* [PROMPT]
When you reach the line with "Blonder, Casual New", transcribe it and each line after it through the last one below, exactly. Pictures stay out.

Collected data entries:
[Start of Attachment]
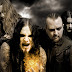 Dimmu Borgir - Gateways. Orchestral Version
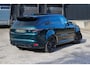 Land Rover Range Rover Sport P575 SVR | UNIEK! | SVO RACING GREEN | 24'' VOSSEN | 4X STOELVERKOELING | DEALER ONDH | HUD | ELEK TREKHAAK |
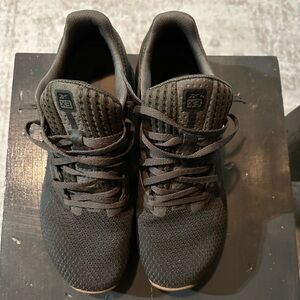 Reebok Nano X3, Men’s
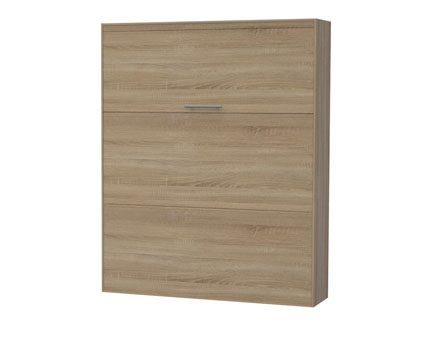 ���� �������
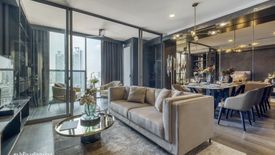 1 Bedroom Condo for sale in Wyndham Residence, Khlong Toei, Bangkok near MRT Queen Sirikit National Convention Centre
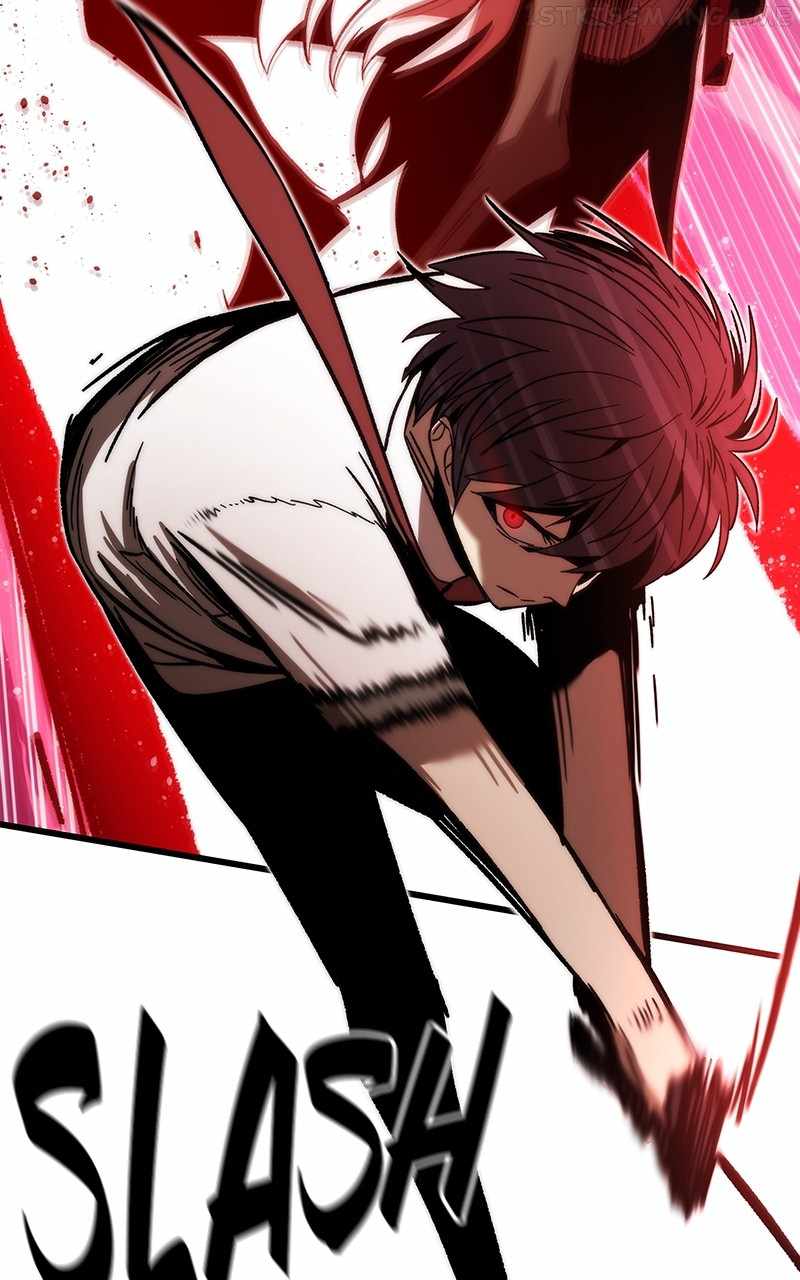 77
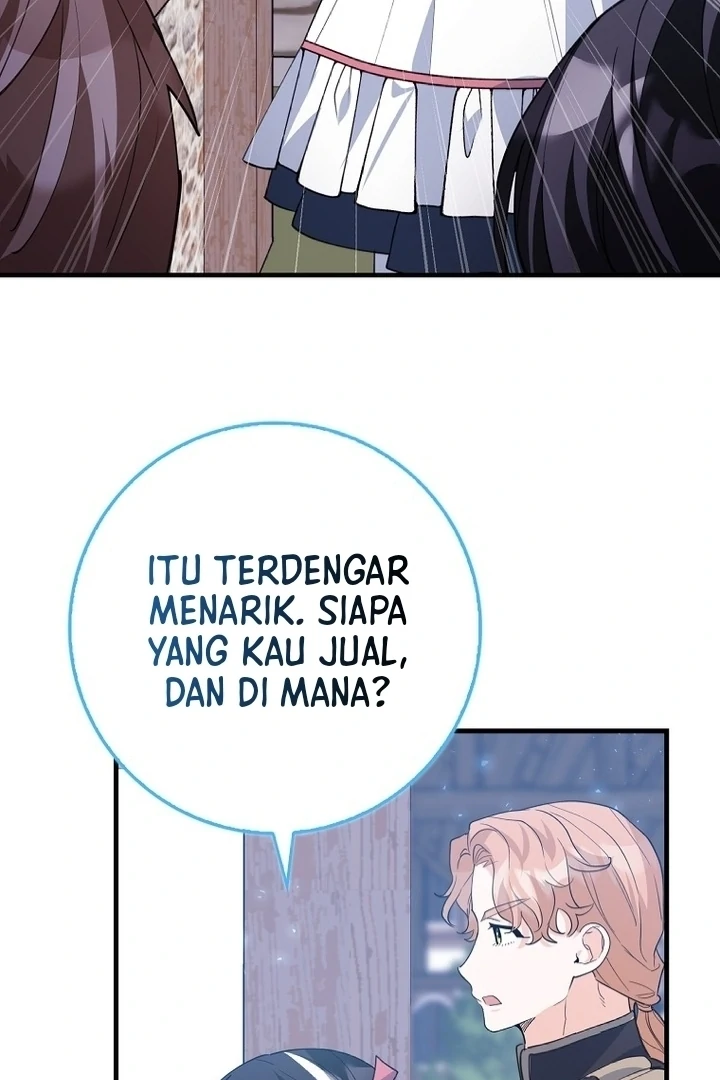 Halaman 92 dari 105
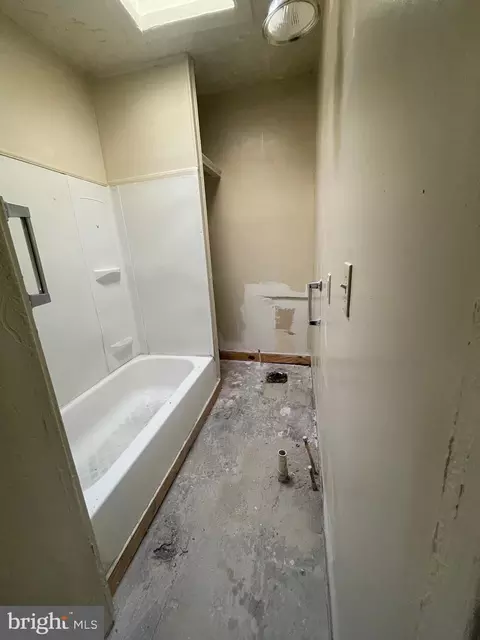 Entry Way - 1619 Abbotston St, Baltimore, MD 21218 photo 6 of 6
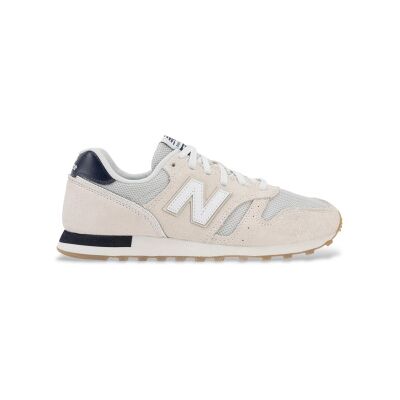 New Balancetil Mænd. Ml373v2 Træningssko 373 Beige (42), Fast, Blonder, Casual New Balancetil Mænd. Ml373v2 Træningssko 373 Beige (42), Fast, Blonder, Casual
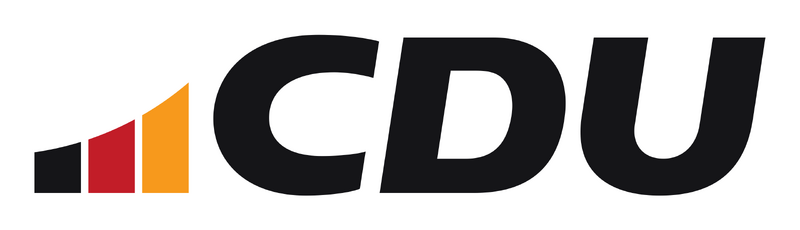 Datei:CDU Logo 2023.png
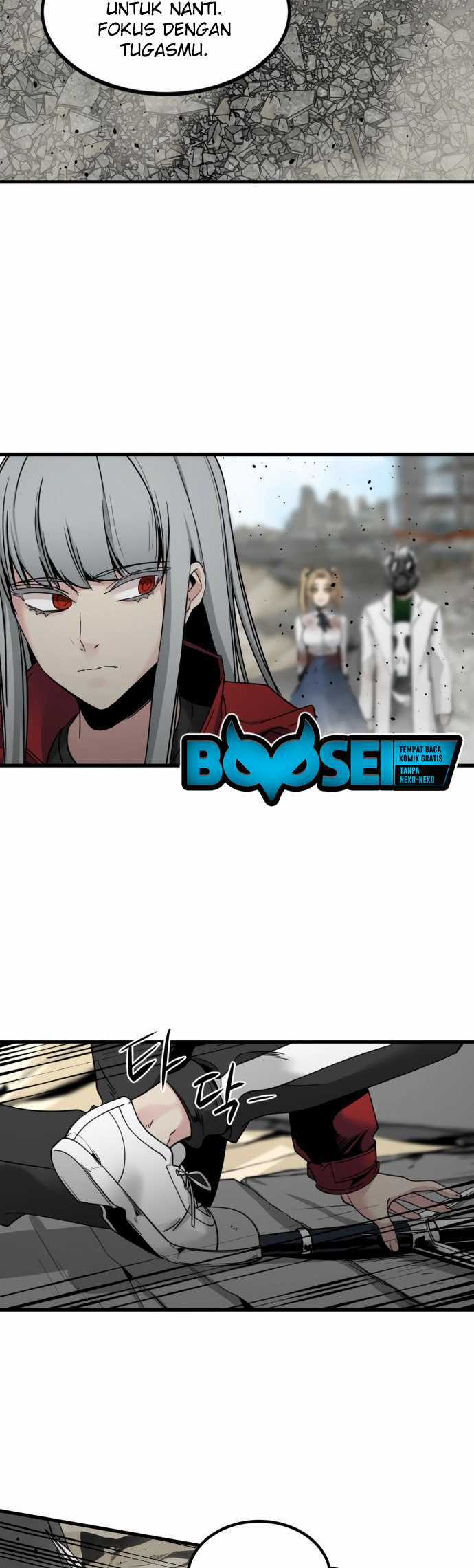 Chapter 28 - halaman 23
[End of Attachment]
* [ANSWER SECTION]
 New Balancetil Mænd. Ml373v2 Træningssko 373 Beige (42), Fast, Blonder, Casual New Balancetil Mænd. Ml373v2 Træningssko 373 Beige (42), Fast, Blonder, Casual
 Datei:CDU Logo 2023.png
 Chapter 28 - halaman 23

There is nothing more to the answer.